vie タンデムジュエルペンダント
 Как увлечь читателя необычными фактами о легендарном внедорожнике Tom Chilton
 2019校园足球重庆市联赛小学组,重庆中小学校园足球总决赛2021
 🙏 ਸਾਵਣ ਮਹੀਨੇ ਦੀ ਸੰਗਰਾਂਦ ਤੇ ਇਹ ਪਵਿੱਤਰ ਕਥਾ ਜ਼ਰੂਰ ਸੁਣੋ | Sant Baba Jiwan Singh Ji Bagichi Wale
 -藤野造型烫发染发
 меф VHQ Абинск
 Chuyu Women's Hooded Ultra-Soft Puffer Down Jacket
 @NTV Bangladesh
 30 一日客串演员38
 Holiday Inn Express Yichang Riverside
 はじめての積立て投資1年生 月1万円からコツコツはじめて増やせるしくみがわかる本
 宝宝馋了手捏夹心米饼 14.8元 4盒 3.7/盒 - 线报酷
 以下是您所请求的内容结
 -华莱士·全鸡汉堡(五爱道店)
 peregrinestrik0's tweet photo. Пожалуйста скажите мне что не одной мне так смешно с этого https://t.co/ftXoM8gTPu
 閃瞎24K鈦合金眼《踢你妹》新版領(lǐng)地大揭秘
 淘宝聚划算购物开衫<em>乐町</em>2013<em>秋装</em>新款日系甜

________________________

## EXERCISE INSTRUCTIONS
Each line from the one that contains "以下是您所请求的内容结" through the end of the material above should be returned exactly, and nothing else.

## SOLUTION TO THIS TASK
 以下是您所请求的内容结
 -华莱士·全鸡汉堡(五爱道店)
 peregrinestrik0's tweet photo. Пожалуйста скажите мне что не одной мне так смешно с этого https://t.co/ftXoM8gTPu
 閃瞎24K鈦合金眼《踢你妹》新版領(lǐng)地大揭秘
 淘宝聚划算购物开衫<em>乐町</em>2013<em>秋装</em>新款日系甜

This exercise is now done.